Drip feeding event details
Anybody who has project managed, even the smallest of events, has experienced the challenges of stakeholder management in an environment of many, many variables. For example, some volunteers typically would like to know what they are signed up for. Are they stewarding, handling money, on standby? But a surge in event attendee figures will scupper even the best-laid plans. The solution? Making revisions to existing plans that have been circulated is sure-fire to cause pandemonium, but leaving people in the dark isn’t much better either.
By staggering the release of the event planning details, and sharing the timeline of when each part of the plan will be shared not only appeases those involved, but buys you time to make last minute amendments. At the beginning of the campaign, set up the full series of your internal comms schedule (Plan A’) and then you are safe in the knowledge that everybody will be kept in the loop as the event draws closer. If Plan A’ does change, there is time to make Plan B’ edits to the email templates which haven’t been sent yet (and Plans C, D, E and F!).
Using marketing automation for supporter feedback
I’ve already mentioned NfP 365 survey functionality once in this article, in the context of managing volunteers. But it warrants a second mention. Getting feedback from all of your supporters has a dramatic impact on future campaigns and is an opportunity that should not be missed.

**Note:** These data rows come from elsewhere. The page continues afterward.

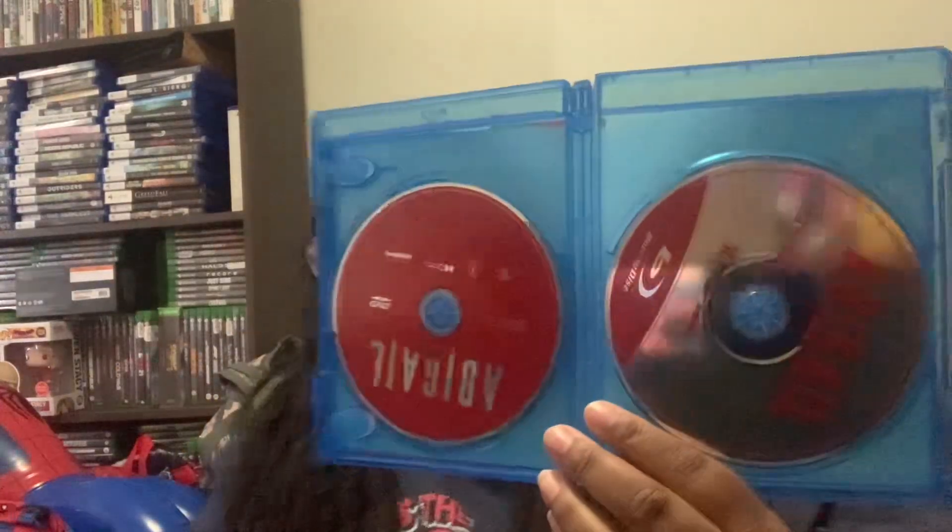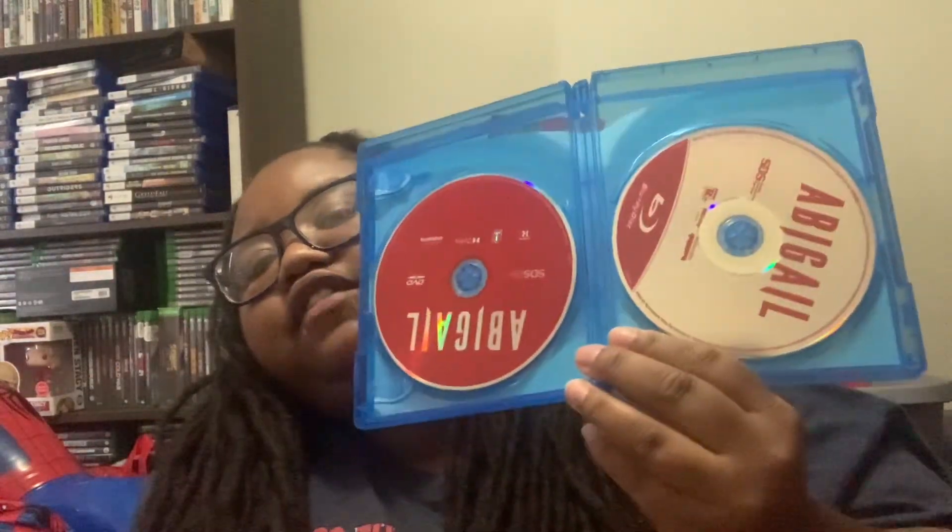Alright, we're about to open it up. There's always a digital color code in it too, so I got to take that out. Here it is. Here's the Blu-ray and the DVD.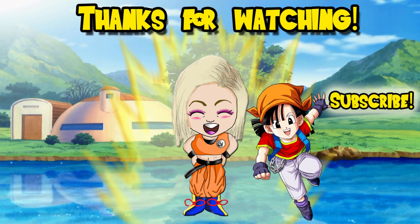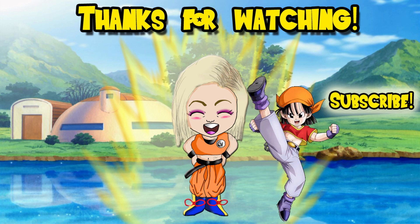Hey, it's Pan from Dragon Ball GT, and you're watching my good friend SSJGoshin4. P-YAH!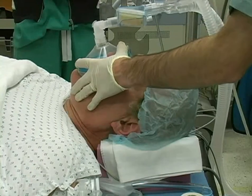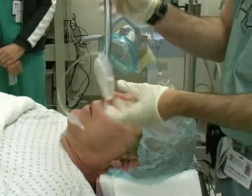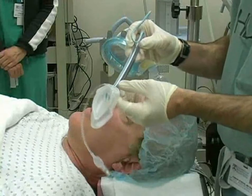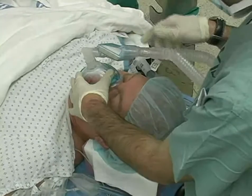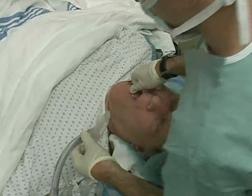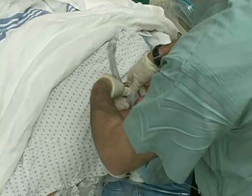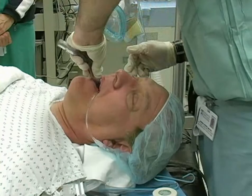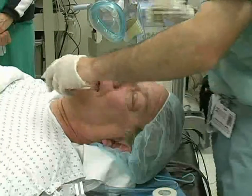In situations where placing an LMA is challenging, an alternative approach can be considered. First, a stylet can be placed inside the LMA; the stylet should not extend past the bulb. Alternatively, the LMA is inserted with the bulb facing upward. Sublux the patient's jaw and scissor the mouth open. Insert the LMA with the bulb upward until the entire bulb is located in the patient's mouth. As the tube is advanced, it is simultaneously rotated 180 degrees into place in the hypopharynx.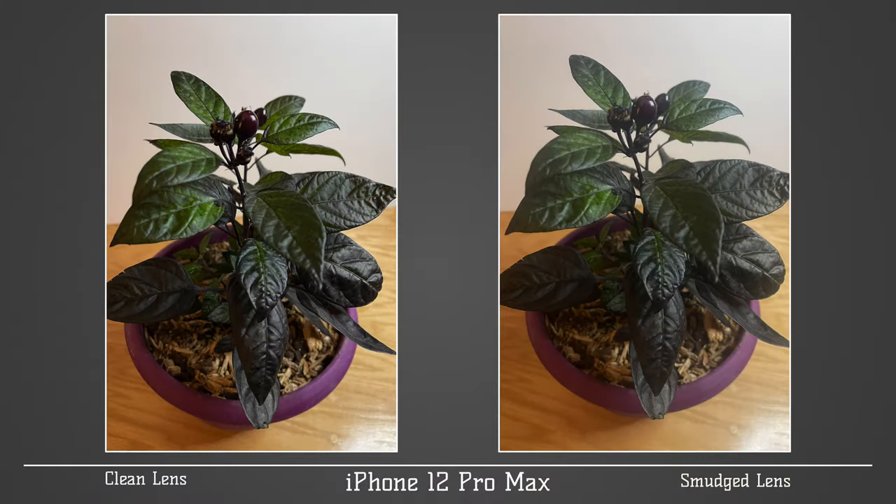If you're using your phone, you might also notice that the dirt on the lens reflects some light and gives the photo a hazy look that I can always spot when people ask me how to improve photos. Just wipe that off on your shirt if it's clean and soft, or on a clean cloth.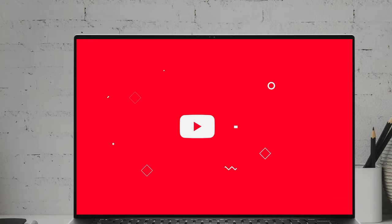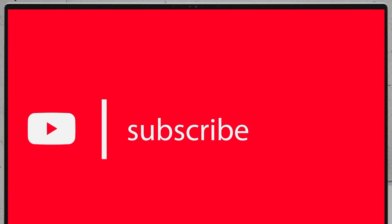If you'd like to see more disassembly videos of the latest notebooks, we would highly appreciate if you hit the like button and subscribe to the channel.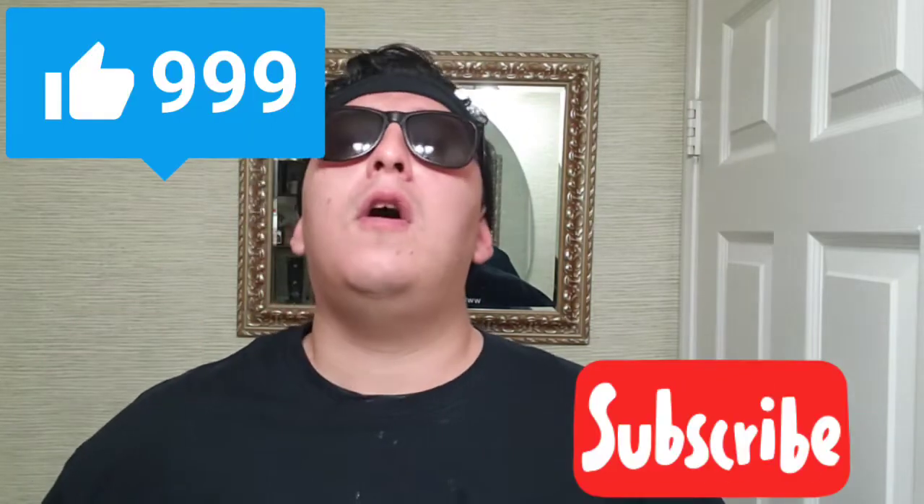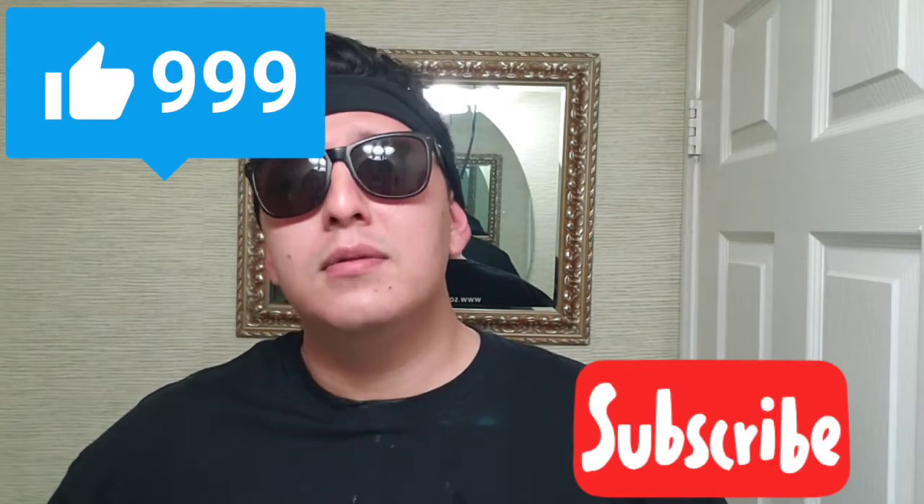All right guys, that was the shave. Thank you for watching, and if you're feeling kind go ahead, like, subscribe — all that good stuff. This is the Dude of Shaving.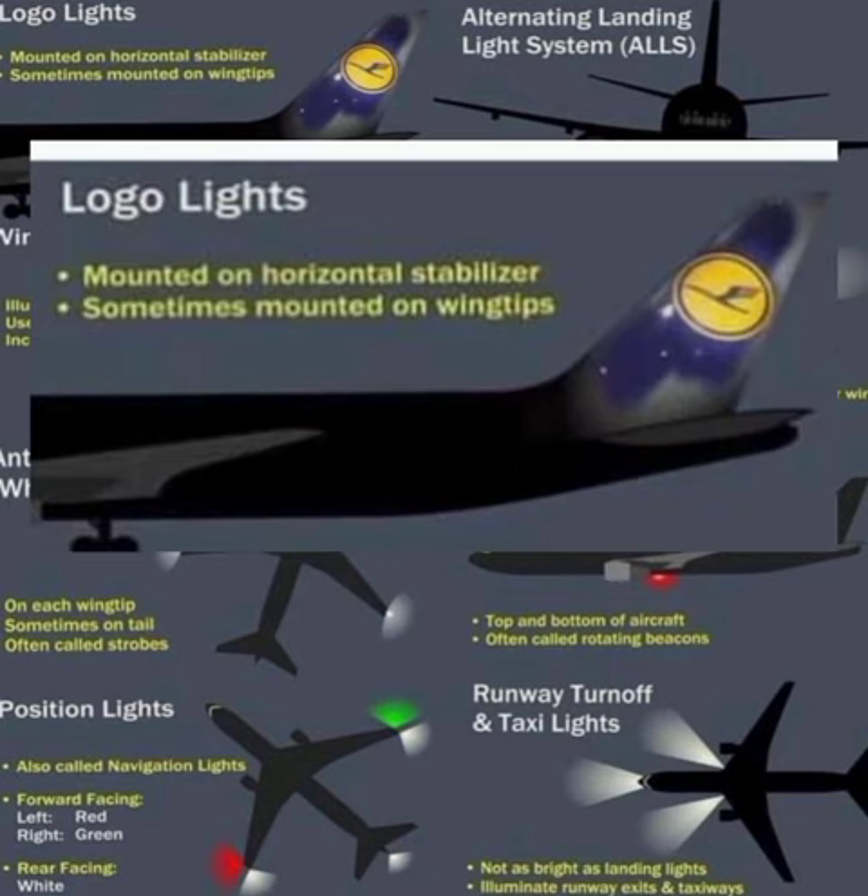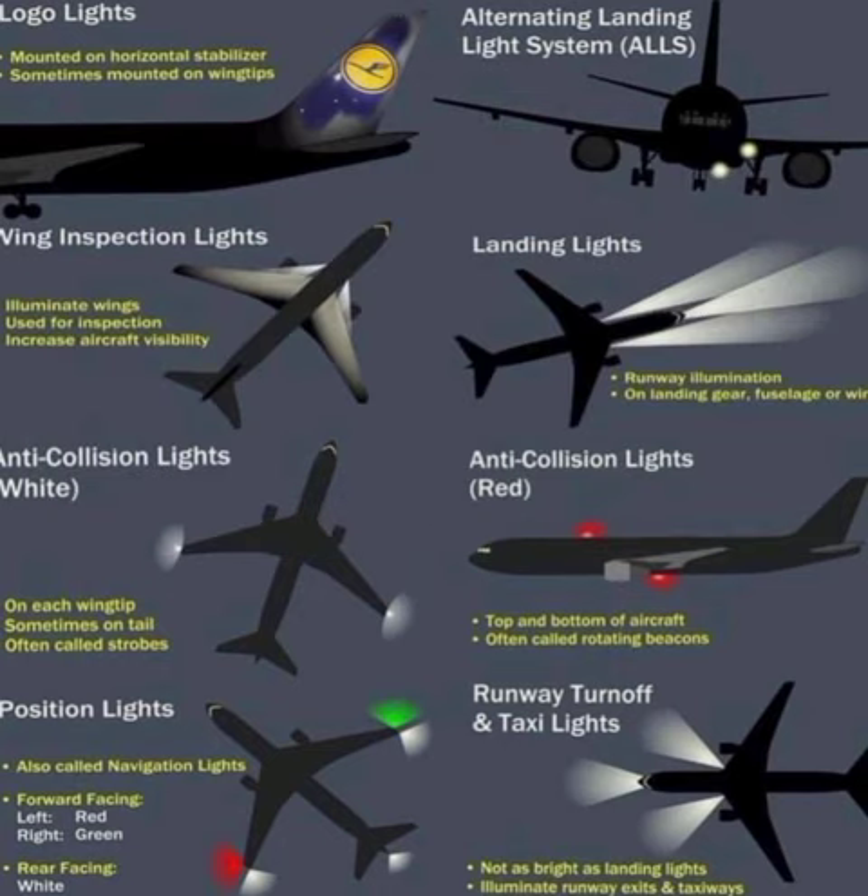First of all, we have our logo light, which is normally mounted on the vertical stabilizer.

Marketing automation can help you here. Simple workflows can be designed to send out satisfaction and feedback surveys upon specific trigger points such as attending an event, interacting with your website or calling your organisation. Once it is set up, you can sit back and reap the benefits of incoming supporter insights with little maintenance. Not every supporter will want to react to an email with an online form. So don’t let that restrict your results. Your workflow can just as easily task your team to conduct the survey over a phone call or mail out a physical copy to be completed and returned. Why were surveys worth a second mention? Because us marketing folk want to make decisions based on real-time information that can be found in one place. And with NfP 365 that’s what we get.
These are just some ideas to get started with marketing automation within your Not-for-Profit organisation. My advice would be to start small and work your way up. The beauty of automated workflows is that it is all trackable. Use the real-time stats to determine what works and what doesn’t and take it from there.